Preschool students and letter magnets

Students at a district-run preschool in Fresno match letter magnets to an alphabet chart.

Thanks to Proposition 30, getting a spot in free public preschool in Fresno just got a lot easier.

A district-wide preschool expansion, aimed at enrolling low-income 4-year-olds, was made possible when the Fresno Unified School District adopted a budget for 2012-13 that assumed Prop. 30 wouldn’t pass. When voters approved the initiative in November, Fresno was able to invest an additional $17.5 million in programs this school year.

The largest portion of the money will be used to expand preschool offerings. The district enrolled 265 new preschool students earlier this month and plans to enroll hundreds more next fall as part of a plan that aims to double the size of the current district-run program.

“There’s a nexus between early learning and graduation rates called preschool,” said Fresno Superintendent Michael Hanson.

Previously, he added, “We were just giving short shrift, frankly, to the earliest investment we could be making.”

Prop. 30, which temporarily raised the state’s sales tax and the income tax on the wealthiest Californians, will raise an average of $6 billion a year, with a little less than half going to K-12 schools and community colleges.

Still, other California school districts have not been able to add programs as Fresno has. For most districts, the urgently needed funds simply kept them from having to make more draconian cuts, said Maureen Evans, vice president of School Services of California, a leading Sacramento-based consulting firm.

“For most, it’s just, ‘thank goodness’” there isn’t another cut, Evans said. “There’s not a lot of additional spending going on.”

The Fresno district, however, will use money from Prop. 30 to reduce class sizes by hiring new teachers; increase career readiness programs in middle schools; pay for 150 teachers to earn National Board Certified credentials; and buy $1 million worth of instruments for their music program, among other expenditures. Spending on all of these initiatives has already begun.

The district will also invest $7.4 million annually in an expanded preschool program, the first time Fresno Unified has dedicated general fund money to preschool.

The expansion will help fill the gaps between the local Head Start program and other state-funded preschool programs that already operate in the city, many of them on school campuses.

About 57 percent of Fresno 4-year-olds attend public preschool now, which includes the students the district enrolled last week and those who attend Head Start. Hanson hopes the new funding will allow the district to nearly double its own program – which now serves about 1,800 students – so that 80 percent of Fresno’s 4-year-olds attend public preschool before entering kindergarten.

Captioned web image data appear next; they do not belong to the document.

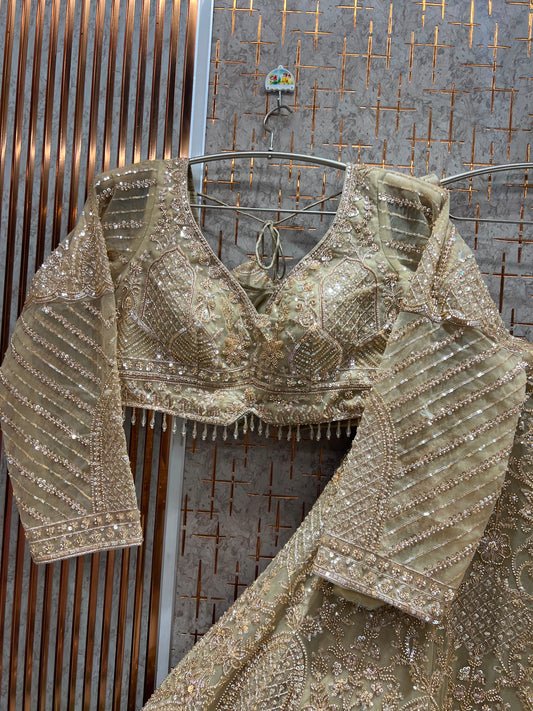 Golden Crop Top Lehenga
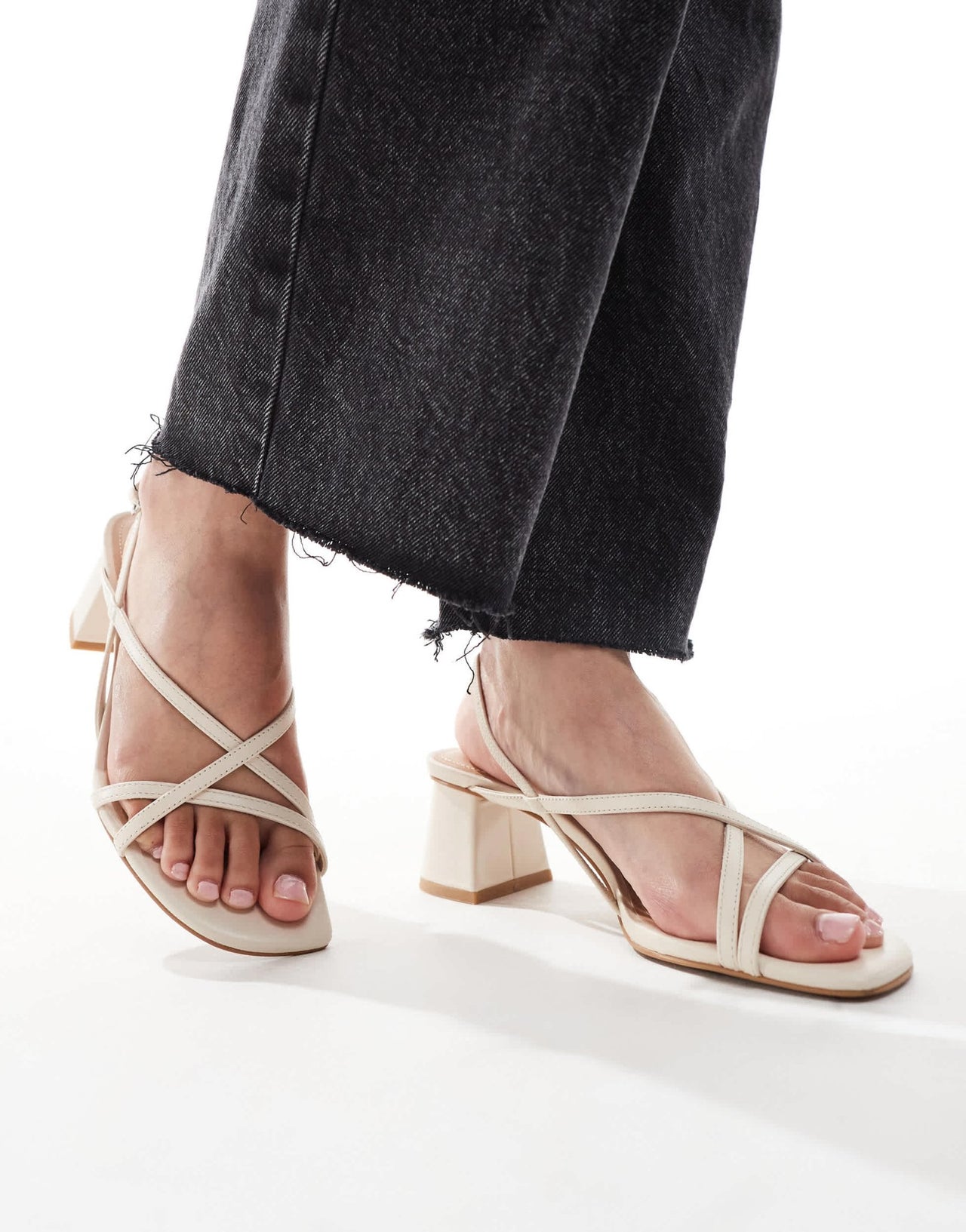 & Other Stories leather heeled strappy sandals in off - white - ASOS Sample Sale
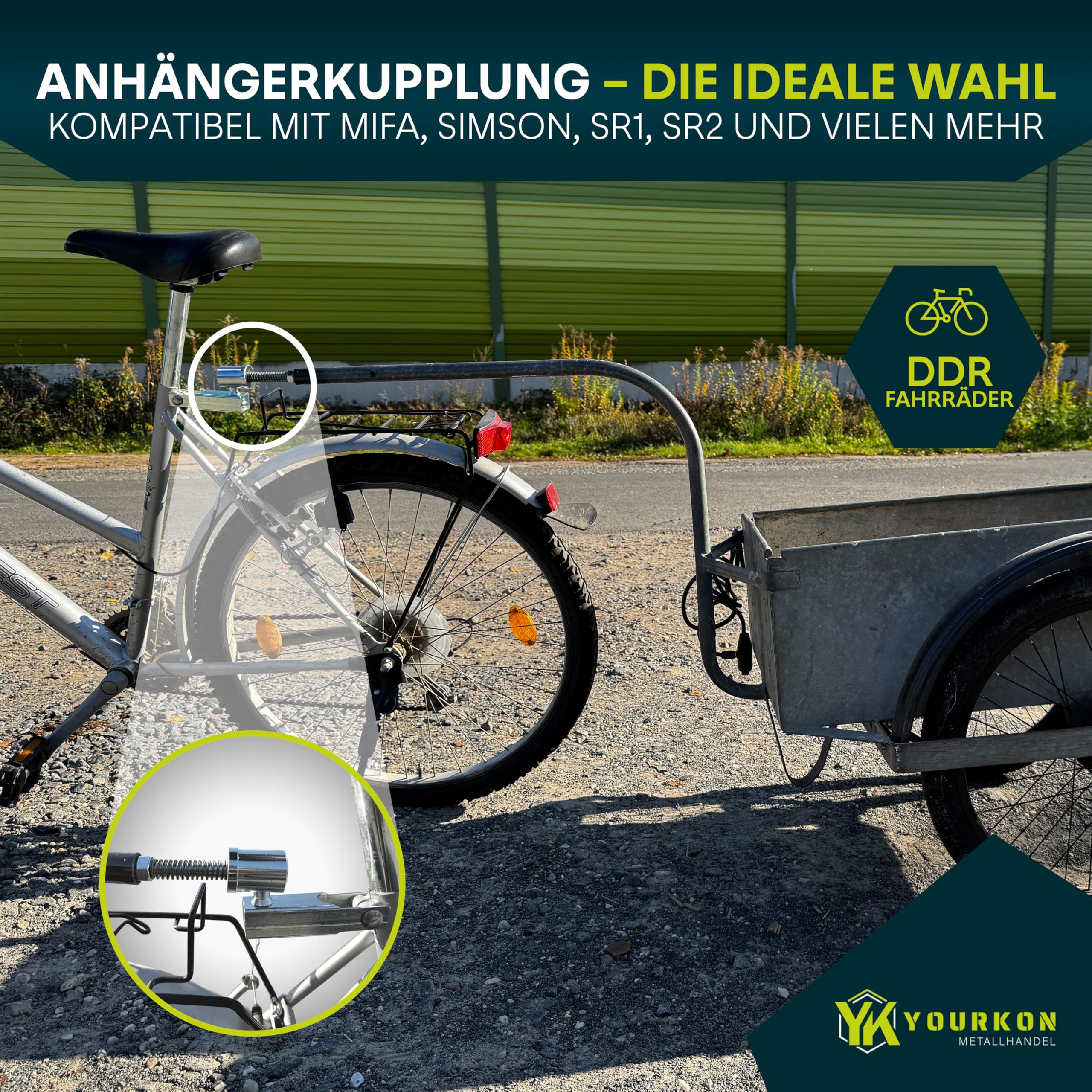 Yourkon DDR Bike Trailer Hitch Kit 18mm Ball + Slider Mifa Sr1 Diamond Sr2 MKH Simson Automotive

The district has hired 24 preschool aides to help supervise the new children, who have been merged into classrooms with current students.

If the district reaches its goal, Fresno Unified will join a few other large districts like Long Beach Unified and Los Angeles Unified that have already made a commitment to using their general fund in combination with state preschool funds to provide free public preschool for a majority of their 4-year-olds.

Little kids with books

Students read books at a district-run preschool program in Fresno this school year.

Schools are keenly interested in the issue because a large body of research points to a correlation between attending preschool and the likelihood of graduating from high school.

Kendra Rogers of First 5 Fresno County, a county-based commission funded by a 1998 voter initiative to improve the state’s early learning programs, said it can be difficult for districts to make early learning a priority when there are so many competing interests for limited funds.

“The district needs to be applauded for this,” Rogers said. “They saw that investing in kids early on is going to be a long-term solution for some of their problems.”

Rogers said the district has also focused on improving the quality of its preschool offerings in the last few years after an early learning task force convened by the district in 2011 suggested a number of improvements. The task force, which included parents, teachers, district leaders and community members, found that district-run programs needed improvement in teacher preparation, curriculum and developing better ways to measure whether students are on track for kindergarten. With the help of her organization, the district has already begun to address some of these shortcomings, Rogers said.

“They have been very committed to quality improvement,” she said.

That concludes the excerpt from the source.